Think about how you’ve ordered your CV – the upper middle area of the first page is where the reader's eye will naturally fall, so make sure you include your most important and relevant information there. Low priority content (such as your hobbies and interests) should be reserved for the end. Most people tend to order their achievements chronologically, starting with the most recent, but if you have experience really relevant to a role, you might want to start with this first.
Consistency is key - make sure your headings match and that your text is correctly aligned. Stick to a size 10-12 font in a clear script. Check whether the page looks too crowded, and that any page breaks fall appropriately in the text. Use Unifrog’s CV Builder to structure the document in a uniform and professional format.
Check - and check again. This seems basic but you shouldn’t underestimate the importance of spelling and grammar. It will appear that you don’t care about the job if your CV is full of sloppy errors. Ask a friend or family member to check it for you, read it through aloud and review each word to ensure it is all correct.
It’s a good idea to save your CV as a PDF to ensure that your formatting stays the same when opened on different devices. Remember to save your CV with a title that includes your name, so it is easy for the employer to find.
- Keep it brief
A good CV is clear, concise and makes all the necessary points without waffling. You don't need to give pages of detail; if an employer is interested they will ask for further explanation at an interview. Consider using bullet points to streamline information. Keep your CV to two sides of A4 maximum and be brutal in your editing.
- Tailor the CV to the job
Create a unique CV for every job you apply for. You don't have to rewrite the whole thing, just adapt the details so they're relevant. If your CV seems too generic then it gives the impression that you’re lazy or uninterested in the job.
Try to establish what the job entails and the key skills required. This information is normally available in the advertisement or job description. Consider your jobs, experiences, achievements and even hobbies to see how you can use them to demonstrate that you match each core requirement or skill. The Unifrog CV Builder allows you to keep your achievements and work experience on file. You can choose which points to include at the click of a button, which makes tailoring your CV much easier.

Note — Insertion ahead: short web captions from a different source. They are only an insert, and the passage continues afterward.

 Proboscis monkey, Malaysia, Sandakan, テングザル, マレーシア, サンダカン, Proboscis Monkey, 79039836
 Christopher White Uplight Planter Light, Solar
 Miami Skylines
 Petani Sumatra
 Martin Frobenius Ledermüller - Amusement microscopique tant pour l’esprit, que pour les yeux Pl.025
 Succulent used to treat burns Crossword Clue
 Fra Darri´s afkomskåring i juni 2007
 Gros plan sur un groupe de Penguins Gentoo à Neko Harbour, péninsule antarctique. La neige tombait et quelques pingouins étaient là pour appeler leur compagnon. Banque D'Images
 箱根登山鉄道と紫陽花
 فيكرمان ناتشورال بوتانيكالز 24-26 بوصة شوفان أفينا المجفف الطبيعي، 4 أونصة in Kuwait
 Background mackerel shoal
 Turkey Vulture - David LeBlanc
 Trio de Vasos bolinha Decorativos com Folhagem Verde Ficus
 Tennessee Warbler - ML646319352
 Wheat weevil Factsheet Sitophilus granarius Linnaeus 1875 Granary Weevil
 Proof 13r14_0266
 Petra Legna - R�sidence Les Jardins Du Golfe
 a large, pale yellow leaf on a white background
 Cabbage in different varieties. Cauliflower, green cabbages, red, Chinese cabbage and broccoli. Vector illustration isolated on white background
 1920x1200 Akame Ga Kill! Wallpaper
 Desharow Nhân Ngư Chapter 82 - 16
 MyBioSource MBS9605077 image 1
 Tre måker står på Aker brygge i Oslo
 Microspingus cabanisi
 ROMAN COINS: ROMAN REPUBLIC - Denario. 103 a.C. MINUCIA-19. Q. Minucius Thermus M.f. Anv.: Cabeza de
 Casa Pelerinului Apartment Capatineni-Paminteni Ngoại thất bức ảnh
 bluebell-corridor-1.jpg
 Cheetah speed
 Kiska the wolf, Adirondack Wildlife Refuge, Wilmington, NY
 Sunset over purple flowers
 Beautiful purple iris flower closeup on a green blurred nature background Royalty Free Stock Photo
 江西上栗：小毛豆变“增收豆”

“In my role as a receptionist for a local hairdresser, I learnt excellent customer service skills both in person and over the telephone.”
“As well as teaching me how to manage my time effectively, starring in my theatre company’s performance this term has developed my confidence in public speaking.”
It's a good idea to review your CV on a regular basis and add any new skills or experiences after every new career development or notable achievement in your job. In this way, when you come to apply for a job, you will find yourself prepared with all the relevant information, rather than desperately trying to remember a distant work experience placement or exactly what your involvement was in the big sales project last year.
- Be assertive
This is your chance to sell yourself to an employer so don’t be afraid to highlight your achievements. Use assertive and positive language such as "developed", "organised" or "achieved" and remember to claim your achievements as your own, using ‘I’ rather than ‘we’.
Instead of: I helped lead the team and we were lucky enough to be given first place
Try: I was responsible for the team; under my leadership, we achieved first place.
- Be interesting
The ‘hobbies and interests’ section of your CV is not simply something to fill up space - it’s another valuable chance to sell yourself. Avoid including passive interests like watching TV or playing video games. Instead, mention activities which have helped you develop skills or learn something new.
Instead of: I really like reading
Try: I enjoy reading, particularly historical novels that focus on Victorian England.